## MATERIAL PROVIDED
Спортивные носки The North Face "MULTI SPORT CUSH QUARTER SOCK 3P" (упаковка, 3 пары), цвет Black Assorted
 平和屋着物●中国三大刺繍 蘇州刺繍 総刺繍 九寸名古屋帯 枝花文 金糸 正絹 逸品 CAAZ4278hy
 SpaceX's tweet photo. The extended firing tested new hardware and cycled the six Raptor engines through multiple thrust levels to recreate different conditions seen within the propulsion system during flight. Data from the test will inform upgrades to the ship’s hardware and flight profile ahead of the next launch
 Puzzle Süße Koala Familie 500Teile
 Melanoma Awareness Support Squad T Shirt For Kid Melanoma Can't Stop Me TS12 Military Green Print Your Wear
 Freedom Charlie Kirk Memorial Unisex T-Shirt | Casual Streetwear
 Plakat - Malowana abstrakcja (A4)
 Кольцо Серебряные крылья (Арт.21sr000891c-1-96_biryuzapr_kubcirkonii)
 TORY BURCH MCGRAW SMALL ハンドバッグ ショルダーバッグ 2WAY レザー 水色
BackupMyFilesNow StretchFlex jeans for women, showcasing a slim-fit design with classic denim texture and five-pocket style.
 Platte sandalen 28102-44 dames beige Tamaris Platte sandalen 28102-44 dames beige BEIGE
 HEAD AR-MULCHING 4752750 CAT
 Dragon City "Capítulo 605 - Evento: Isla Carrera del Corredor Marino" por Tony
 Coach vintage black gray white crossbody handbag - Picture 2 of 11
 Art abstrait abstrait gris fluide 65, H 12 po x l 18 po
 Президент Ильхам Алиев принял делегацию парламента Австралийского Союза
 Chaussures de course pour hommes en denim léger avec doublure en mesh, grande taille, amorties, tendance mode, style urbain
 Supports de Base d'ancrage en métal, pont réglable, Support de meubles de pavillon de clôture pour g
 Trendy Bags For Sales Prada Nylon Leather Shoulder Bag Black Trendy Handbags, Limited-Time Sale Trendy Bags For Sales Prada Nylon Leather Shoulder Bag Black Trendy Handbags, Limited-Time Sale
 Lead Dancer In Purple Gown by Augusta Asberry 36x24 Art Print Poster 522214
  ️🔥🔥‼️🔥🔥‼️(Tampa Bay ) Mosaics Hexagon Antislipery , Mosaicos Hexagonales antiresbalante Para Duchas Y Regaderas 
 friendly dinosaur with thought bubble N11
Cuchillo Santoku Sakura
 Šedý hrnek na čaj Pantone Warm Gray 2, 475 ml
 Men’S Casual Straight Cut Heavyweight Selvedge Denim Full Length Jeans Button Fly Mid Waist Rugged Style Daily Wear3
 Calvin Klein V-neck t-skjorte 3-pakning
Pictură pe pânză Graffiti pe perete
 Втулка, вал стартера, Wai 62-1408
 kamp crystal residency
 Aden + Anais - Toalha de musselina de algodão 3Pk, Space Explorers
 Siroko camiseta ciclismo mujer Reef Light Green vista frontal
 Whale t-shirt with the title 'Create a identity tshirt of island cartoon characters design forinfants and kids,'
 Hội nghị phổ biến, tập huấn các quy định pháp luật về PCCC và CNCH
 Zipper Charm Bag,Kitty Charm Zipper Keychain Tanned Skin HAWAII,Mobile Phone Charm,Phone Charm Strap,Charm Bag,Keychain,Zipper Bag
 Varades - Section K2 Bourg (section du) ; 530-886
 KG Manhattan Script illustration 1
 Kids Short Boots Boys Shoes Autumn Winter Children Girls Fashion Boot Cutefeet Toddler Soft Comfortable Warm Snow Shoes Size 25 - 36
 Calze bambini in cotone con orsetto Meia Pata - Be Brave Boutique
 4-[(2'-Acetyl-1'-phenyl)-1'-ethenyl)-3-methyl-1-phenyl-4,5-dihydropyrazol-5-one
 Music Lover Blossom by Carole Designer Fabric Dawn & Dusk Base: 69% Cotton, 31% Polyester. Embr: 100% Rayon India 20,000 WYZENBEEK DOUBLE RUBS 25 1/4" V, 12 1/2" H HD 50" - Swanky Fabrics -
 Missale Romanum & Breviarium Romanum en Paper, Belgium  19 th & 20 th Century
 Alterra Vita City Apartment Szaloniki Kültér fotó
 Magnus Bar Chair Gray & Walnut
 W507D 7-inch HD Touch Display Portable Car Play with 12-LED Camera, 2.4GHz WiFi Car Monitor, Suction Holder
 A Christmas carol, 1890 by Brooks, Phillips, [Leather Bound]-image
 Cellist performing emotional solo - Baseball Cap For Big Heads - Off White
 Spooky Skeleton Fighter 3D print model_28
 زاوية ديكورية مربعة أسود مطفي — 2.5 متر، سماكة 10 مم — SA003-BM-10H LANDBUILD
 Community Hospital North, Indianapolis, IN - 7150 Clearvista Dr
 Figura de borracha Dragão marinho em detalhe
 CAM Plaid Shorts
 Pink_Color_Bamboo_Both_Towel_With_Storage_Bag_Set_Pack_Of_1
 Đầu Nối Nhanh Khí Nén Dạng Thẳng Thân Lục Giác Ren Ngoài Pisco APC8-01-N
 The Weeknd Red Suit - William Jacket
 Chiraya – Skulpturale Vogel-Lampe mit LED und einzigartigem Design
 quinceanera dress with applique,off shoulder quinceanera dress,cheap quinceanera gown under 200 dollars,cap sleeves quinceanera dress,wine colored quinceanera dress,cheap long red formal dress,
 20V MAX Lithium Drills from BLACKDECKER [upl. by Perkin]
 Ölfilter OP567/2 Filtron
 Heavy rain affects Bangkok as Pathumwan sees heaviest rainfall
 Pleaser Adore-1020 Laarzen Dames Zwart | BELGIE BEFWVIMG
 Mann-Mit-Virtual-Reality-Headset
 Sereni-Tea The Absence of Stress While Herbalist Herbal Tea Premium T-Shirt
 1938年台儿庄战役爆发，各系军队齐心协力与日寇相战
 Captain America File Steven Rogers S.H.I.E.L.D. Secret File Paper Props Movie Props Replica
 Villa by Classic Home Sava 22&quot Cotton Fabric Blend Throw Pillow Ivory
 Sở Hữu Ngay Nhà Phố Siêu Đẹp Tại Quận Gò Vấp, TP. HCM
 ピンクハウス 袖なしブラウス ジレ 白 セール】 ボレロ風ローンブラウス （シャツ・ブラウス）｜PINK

## DESCRIPTION OF THE TASK
For the word "pour", show every line of the entries that holds it.

## RESULT BELOW
 Chaussures de course pour hommes en denim léger avec doublure en mesh, grande taille, amorties, tendance mode, style urbain
 Supports de Base d'ancrage en métal, pont réglable, Support de meubles de pavillon de clôture pour g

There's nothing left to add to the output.